Can I, Should I Accept This Decision?

I will be as concise as I can, but it is necessary to tell you a lot about my wife before I come to the point of my post. Today she has been diagnosed with breast cancer, and I am at my wit’s end over her decision about it.

She is 55 years old and has a well-paid medical job (non-NHS) which requires a certain level of fitness. She studied long and hard to obtain this job, starting quite late in life; she has been doing it now for 3 years and doesn’t want to lose it if possible, together we are building up for our retirement in a few years, hopefully in sunnier climes where she is always at her happiest.

She is one of the most strong-willed people you could wish to meet; not in an arrogant way by any means, those who know her would say that she would move mountains to help you. She is not materialistic either, show her a fashion label and she will tell you you could get almost the same thing at Markies for a lot less and look just as good. I have found that when she makes a plan, or comes to a decision, she will stick with it until it’s done.

She considers herself lucky to be here, during her thirties she had acute peritonitis which nearly “saw her off”, and at the age of 40 (two years after we met) had a strangulated hernia which was life-threatening for a while. So she counts every day as an added bonus, and tries to live her life to the full. She has one son (by a previous marriage), their relationship has been stormy but beneath it all they love each other dearly.

And now we have been through this - a routine mammogram, leading to a biopsy, a lumpectomy and today a recommendation for a mastectomy.

Her decision is this - she will take a course of tamixofen, but under no circumstances will she consider surgery. Her reasoning is that she will lose her job (she has always been very proud of the fact that she never had to rely on anyone else - including me! - and will always pay her way), she might still get 5-10 years of a reasonable quality of life (her thinking here is that if she hadn’t gone for the mammogram she wouldn’t have found out anyway) and she doesn’t want to be a burden to anyone. When the inevitable happens, she will take morphine and go quite happily. She would say to you “we’re all headed in the same direction, some of us get there earlier than others, that’s just the way it is”. There have been no tears on her part (as yet), we knew this might be coming, and she is very open about it, everyone knows the situation and she is the calmest of everyone about it…

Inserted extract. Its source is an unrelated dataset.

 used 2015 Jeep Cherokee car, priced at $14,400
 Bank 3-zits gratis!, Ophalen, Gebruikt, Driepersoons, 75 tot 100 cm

Needless to say I am torn by emotion here. I love this woman to bits, I respect her wishes and acknowledge that in the end she has the perfect right to make her own decision, but it’s not just me who will be affected. There is her son, her sister and family, and several close friends who will all be devastated if we lose her.

I think there may be time before a final decision is necessary, during the consultation it was confirmed that it is a slow-growing type of cancer, but the consultant was of the opinion that a mastectomy was the only answer. In order to delay the decision, I will be arranging through my company BUPA membership for her to have a full CAT scan and X-ray (surprisingly this has not yet been done or offered) to see what the full extent of her condition actually is.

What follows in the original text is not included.